BioHackathon 2010: Day 2 — Python SPARQL query builder

BioHackathon day two started off with a walk through the University of Tokyo campus. It’s a beautiful place with a combination of European style college buildings and isolated ponds in the shape of Japanese kanji characters. We ended up at the Database Center of Life Sciences (DBCLS) to start actually doing some coding. Since things normally break up into smaller groups at this point, my thoughts will reflect the things that I ended up working on but I’ll try to capture as much of the general work being done as possible.

Discussion

The morning kicked off with a viewing of Tim Berners-Lee’s TED talk on linked data and the semantic web. It’s an inspirational talk for anyone interested in being better at sharing and organizing data on the web.

Francois Belleau from Bio2RDF followed that talk up with his own about the basics of RDF representation of data.
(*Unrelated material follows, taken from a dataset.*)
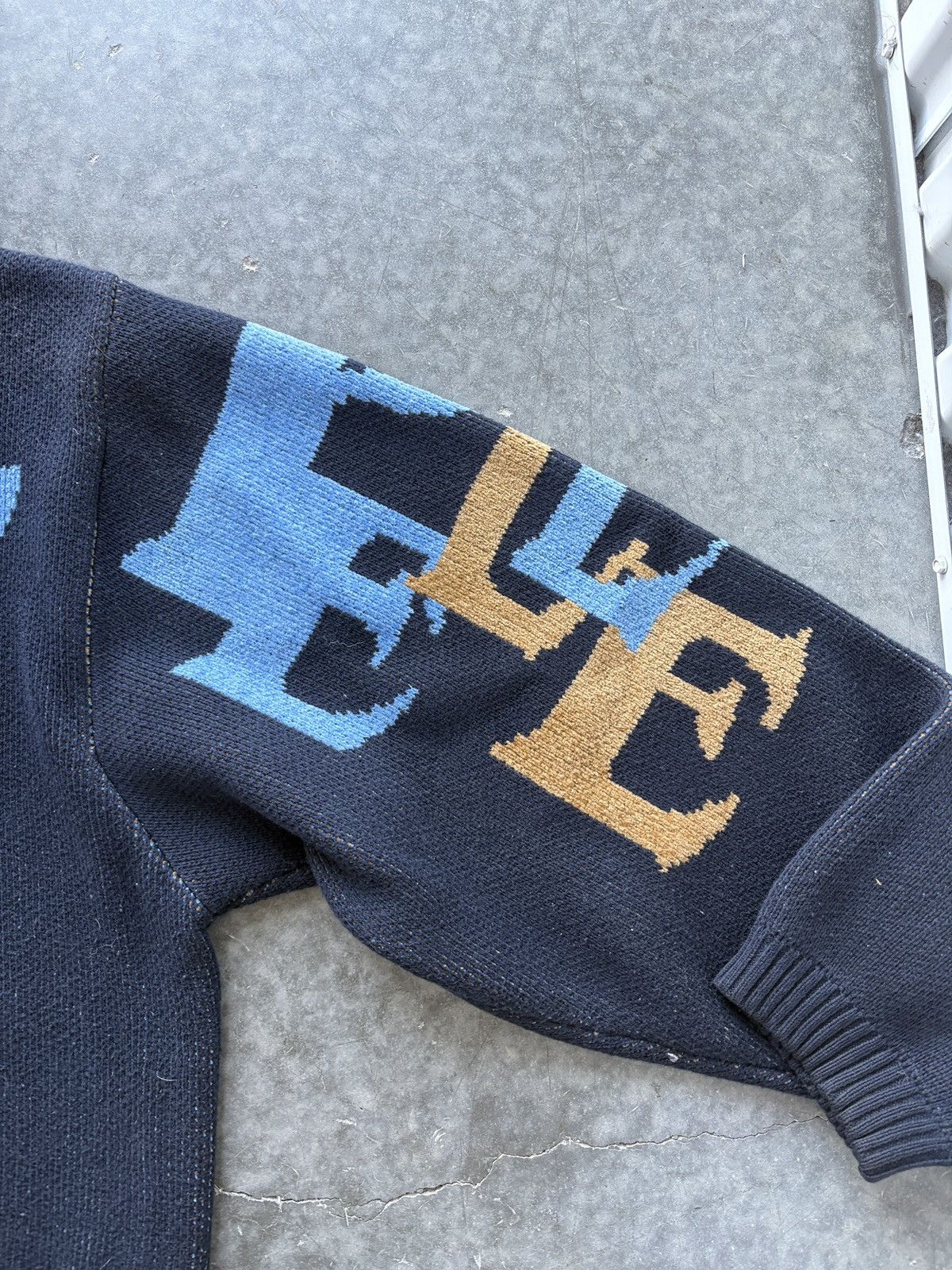 Pelle Pelle Vintage 90s Pelle Pelle Oversized Knit Sweater Size US XXL / EU 58 / 5 - 4 Thumbnail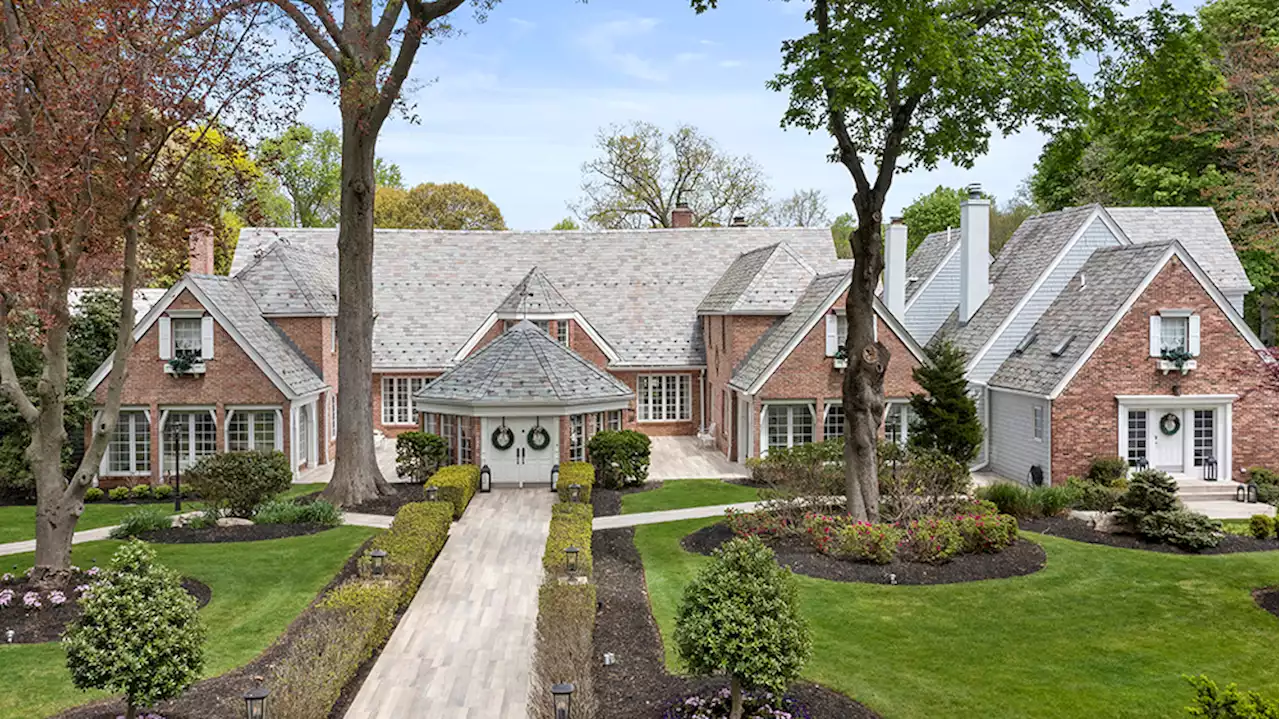 ‘Miracle Mop’ Inventor Joy Mangano Lists Her Historic Long Island Estate for $20 Million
The relevant URLs are bookmarked from his delicious account.

Some useful tools are:

  • Tabulator is a semantic web browsing tool that you can use as a Firefox extension. It’s a way to test your produced RDF and be sure it is produced properly.

  • Virtuoso is a RDF triple store recommended by several RDF providers. It can provide a SPARQL endpoint for querying the database and retrieving results.

Code

Today several of the OpenBio folks from Biopython and BioRuby discussed plans for providing libraries to make querying and providing semantic resources easier. The grand plan is to provide KEGG data via a SPARQL query with BioRuby and use a Biopython client for retrieval.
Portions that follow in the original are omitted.